The $4.3 billion facility, which is set to be the largest hydro-electrical power plant in Africa, has been the source of contention between Ethiopia and Egypt.
On Monday, the spokesman for Ethiopia’s Foreign Ministry, Dina Mufti, told press that “The Egyptian government is expected to stop threatening Ethiopia of breaching international principles and realise the benefits the dam provides to the Egyptian people.”
Upon its completion in 2017, the dam is expected to produce about 6,000MW of electrical power and Ethiopian officials have alluded to plans of exporting electricity to neighboring countries.
At the 3rd anniversary ceremony of the commencement of the dam’s construction last week, the chief engineer of the project, Semegnew Beleke, echoed similar sentiments that the plant will benefit other nations in the region.
According to him, besides the prospect of electrical supply, the dam’s reservoir is expected to reduce the overall amount of water evaporated from the river, thereby ensuring more supply for downstream countries.
Beleke further disclosed that work is ongoing round the clock to complete the dam within the deadline. Reports indicate that the plant is over 30% completed and officials have revealed that everything is coming according to plans. At least 2 turbines are expected to commence operation next year and it is estimated they will generate up to 700MW of electrical power.
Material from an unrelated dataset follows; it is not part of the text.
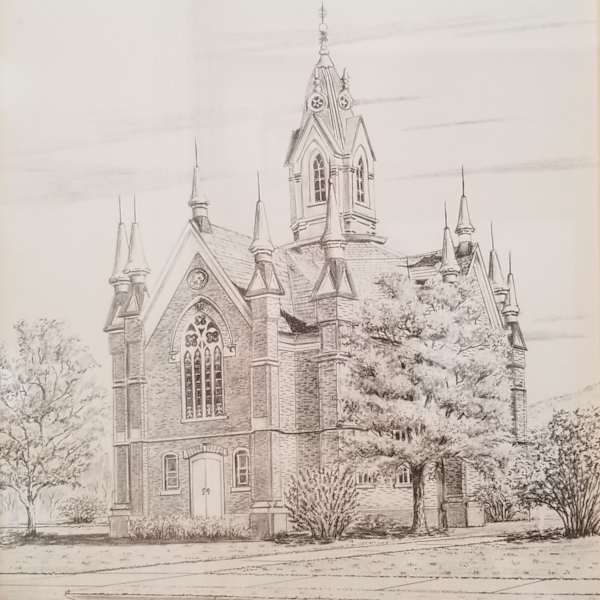 Coalville, UT Tabernacle, 1885 by Otto Pendleton, Image 1.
After over a month of trading accusations, Ethiopian and Egyptian officials have relayed their willingness to resume discussions – which was abruptly stopped in February due to the inability of the group to reach an agreement on several issues.
Some of the most prominent points of contention are the composition of a committee to implement the recommendations of a panel of experts convened to study the dam last year. Also, the trio have been at odds with one another over the necessity of conducting another study into the effects of the gigantic plant on the environment.
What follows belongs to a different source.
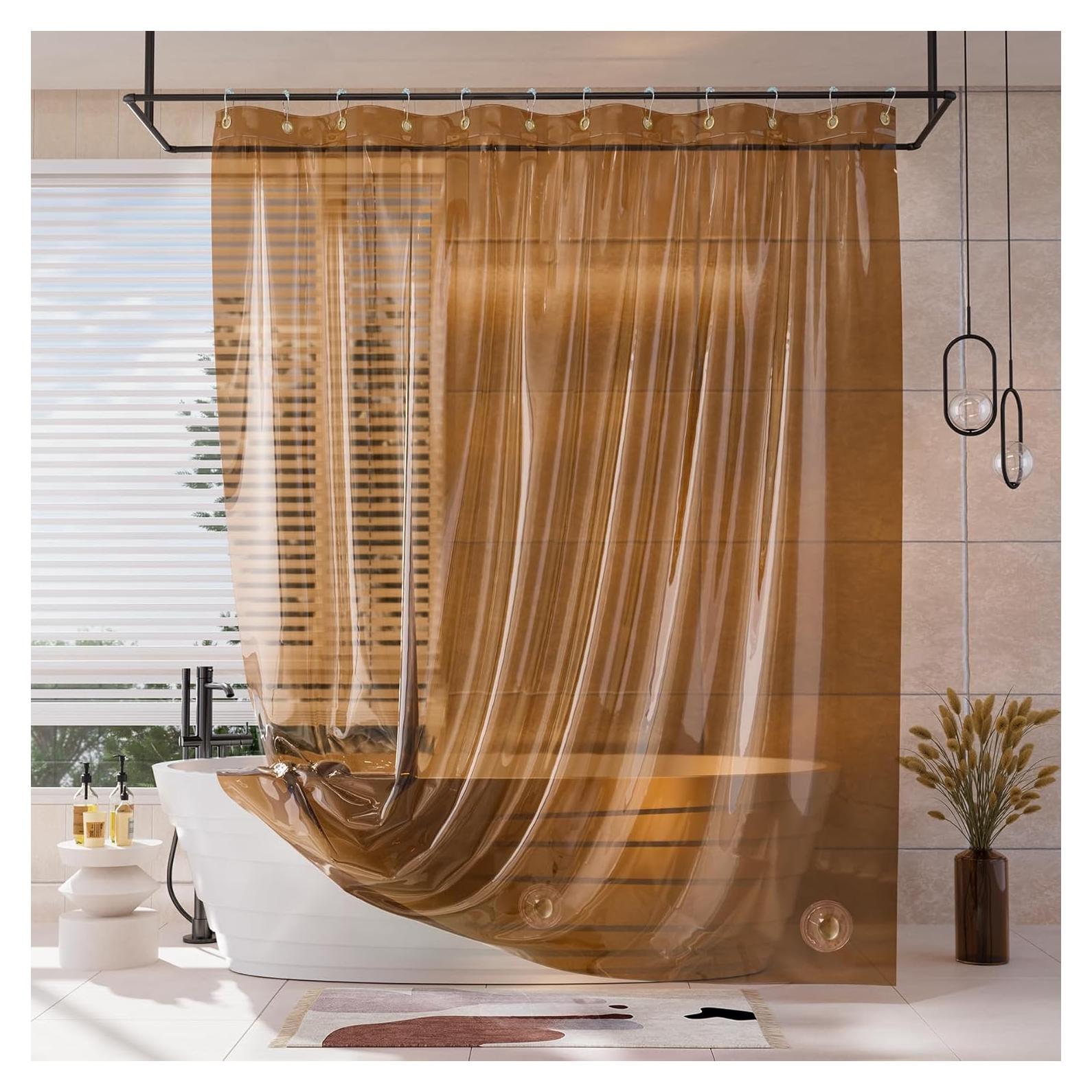 Cortina de Ducha AmazerBath 100% EVA 72x72 cm Caramelo Arcoíris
Many Ethiopians have voiced support for the construction of the dam after many years of criticising the government of under-utilising the country’s bountiful natural resources to fight hunger and poverty.
According to some commentators, fears of the Egyptian populace that the dam will drastically reduce the flow of freshwater to the arid country were heightened by images of the plant released in May last year. However, Ethiopian officials insist that the initially instinctive apprehension has been blown out of proportion.
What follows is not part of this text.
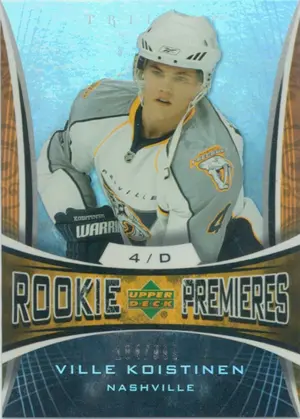 2007-08 TRILOGY - VILLE KOISTINEN #157 ROOKIE 184/999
During the recent EU-African Summit in Brussels, the Egyptian Foreign Minister, Nabil Fahmy, revealed that Egypt is willing to jointly find the construction of the facility provided it will be run by a committee made up of experts selected from both countries.
Although the Ethiopian Foreign Ministry spokesperson, Dina Mufti, has lauded this news in an interview with The Reporter, he noted that the plan to have the plant run by a joint committee is “not acceptable, because it is against the sovereignty of Ethiopia.”
Pundits say the fact that the dam has been strategically positioned at the center of a newly found ‘pan-Ethiopianism’ complicates the possibility of any other major partner or sponsor getting involved in the project.
Although reports indicate that China had plans of giving Ethiopia about $1 billion to support the dam’s construction, until now it has reportedly been completely funded by the state through the sale of bonds to citizens.